Intanto alla Chiesa di S. Basilio veniva eletto a nuovo rettore D. Badia Venturi, un’anima sacra, anch’essa ritornata da una strada che somigliava a quella battuta dalla nostra santa ne’ suoi giorni indegni, e oggi grondante di lagrime e spezzata dalla contrizione. Ella lo ebbe per sette anni confessore. Chiedevano perdono insieme e piangevano insieme. Lontani entrambi dal mondo di cui avevano sentito l’amaro, andavano con voli ardenti verso Dio.

Ma anche questo conforto sublime, doveva essere trammezzato da sublimi dolori. Le gioie in questo cuore inquieto non potevano durare. Sola, in cima a un monte, con l’ala soltanto di quell’angelo della penitenza che la sorreggeva mentre ella stessa gli comunicava la forza di sorreggerla, pareva che nulla le mancasse per gustare Iddio. E sarebbe stato così se Dio stesso non si fosse ritirato per farsi trovare da lei unicamente col merito della aridità di spirito. Due anni ella visse così, chiamando ad alta voce il suo Signore, scongiurando D. Badia a parlarle di lui, uscendo in certe ore di sole sui prati alti, a cercar Dio alle roccie e alle nubi per ritirarsi senza averlo incontrato, per sentirsi crescere lo spasimo della cancrena che le incominciava a torturare la bocca. Non era soltanto la natura che le teneva il cuore così nobilmente inquieto, era Dio che la amava così, che la aiutava a farsi in tal modo più degna di possederlo. Le permise tentazioni tremende di disperazione con mille fantasmi della sua antica vita di peccato. La gettò nel più basso concetto di sè, fino a che, un giorno, la si vide scendere un tratto la china del monte, tutta in pianto, chiamando Cortona ad aiutarla ad andarsene, pregando che la cacciassero via perchè era stata e si sentiva una indegna. Fu allora che Cortona si commosse e capì chi scendeva dal monte incarnando in se la legge e il consiglio di Dio, e le si improvvisò una di quelle processioni, che raramente si leggono avvenute nella storia dei popoli. Ella dovette ritirarsi confusa, e Dio la ritornò nella pace.

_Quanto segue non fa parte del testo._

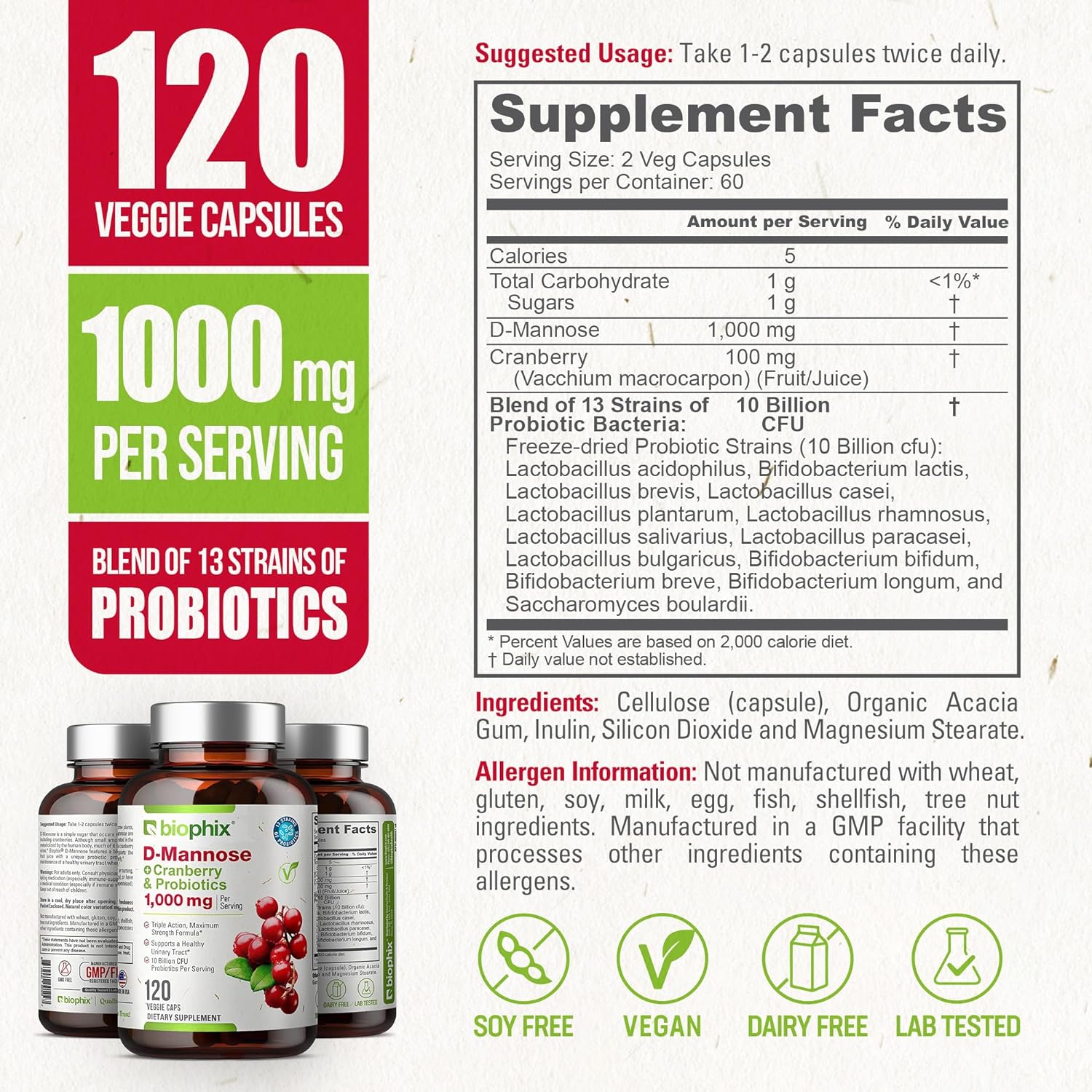 biophix D-Mannose 1000mg Capsules with Cranberry & Probiotics - D Mannose Supplements for Women - D-Mannose Pills for Urinary Tract & Bladder Health Support - Digestive Well-Being - 120 Vcaps 2 Pack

Si era ormai agli ultimi due o tre anni della sua vita. In città scoppiarono nuovamente gli odi di parte tra Guelfi e Ghibellini. Ella scrisse al Giunta che chiedesse licenza dai superiori di ritornare in Cortona a predicarvi la pace. Nelle parole della Santa c’era la volontà di Dio. Il Giunta, chiamato dal superiore, tornò, ricompose le famiglie dei Ranaldi, dei Rossi, dei Recabeni, e ripartì avendo nel cuore la profezia di lei che non sarebbe morta prima di un altro suo ritorno.

La Santa scrisse una, due, tre volte al vescovo di Arezzo Guglielmino perchè desistesse dalle sue lotte: egli non l’ascoltò, e i nemici lo finirono.

Si distese allora la calma su Cortona e sulle vicine città. Non guerre al di fuori, non lotte intestine. L’ospedale, le poverelle, la fraternità della misericordia, spandevano olezzi di carità. La Santa non era solo amata, era adorata; il figlio suo avanzava nella virtù; suo fratello Bortolomeo si preparava a farsi terziario; le figlie sue spirituali andavano e venivano in torno a lei come angeli raggianti. Anche la cancrena alla bocca si era arrestata. L’anima era in una quiete immensa.

  1. Comte de Motalembert, Histoire de S. Élisabeth de Hongrie. Douxieme édition, tonte premier, pagg. 248-249. Paris, Ambroise Bray, 1867.